How is Oral Cancer Detected?
Early detection is critical to ensure the effective treatment of oral cancer. Since this condition often goes unnoticed in its initial stages, it is essential to see your dentist regularly for checkups. We will be able to identify any irregularities in your mouth and refer you to a specialist if necessary. If you experience any pain, swelling, or other symptoms that persist for more than two weeks, you should consult a doctor.

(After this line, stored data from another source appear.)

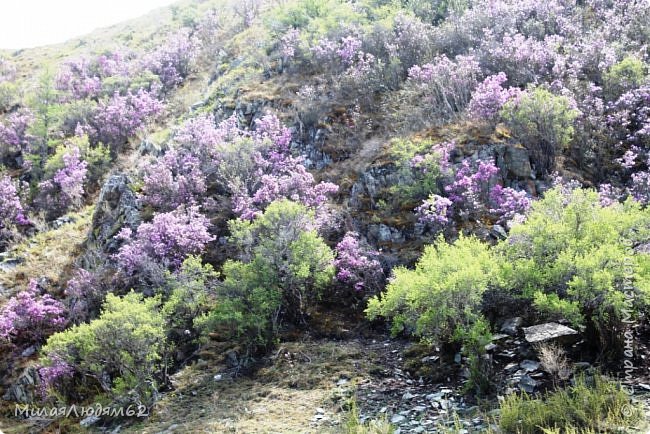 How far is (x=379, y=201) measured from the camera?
13617mm

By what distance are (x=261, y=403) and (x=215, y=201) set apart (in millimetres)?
7614

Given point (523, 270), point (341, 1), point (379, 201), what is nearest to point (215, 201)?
point (379, 201)

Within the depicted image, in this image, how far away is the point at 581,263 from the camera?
23.5 ft

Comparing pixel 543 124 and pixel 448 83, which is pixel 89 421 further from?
pixel 448 83

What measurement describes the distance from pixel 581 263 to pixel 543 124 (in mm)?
7132

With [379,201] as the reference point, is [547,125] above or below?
above

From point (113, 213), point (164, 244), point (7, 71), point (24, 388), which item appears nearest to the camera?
point (24, 388)

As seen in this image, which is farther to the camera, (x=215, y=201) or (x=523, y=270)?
(x=215, y=201)

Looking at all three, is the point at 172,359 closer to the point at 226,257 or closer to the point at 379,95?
the point at 226,257

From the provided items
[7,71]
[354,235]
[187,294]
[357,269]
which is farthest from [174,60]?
[357,269]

How Are the Treatment Options?
Oral cancer treatment is determined by several factors, including the stage and location of the cancer, the patient’s general health, and personal preferences. Treatment options primarily involve surgery to remove the cancerous cells, followed by radiation therapy to kill any lingering cancerous cells. Chemotherapy, alone or combined with radiation therapy, is another treatment approach to destroy cancer cells. Targeted drug therapy, specifically targeting the abnormalities in cancer cells, is also an option. In some cases, immunotherapy might be used to stimulate your body’s immune system to fight the cancer. It’s important to discuss these options with your healthcare provider to understand their potential side effects and to make an informed decision about your treatment plan.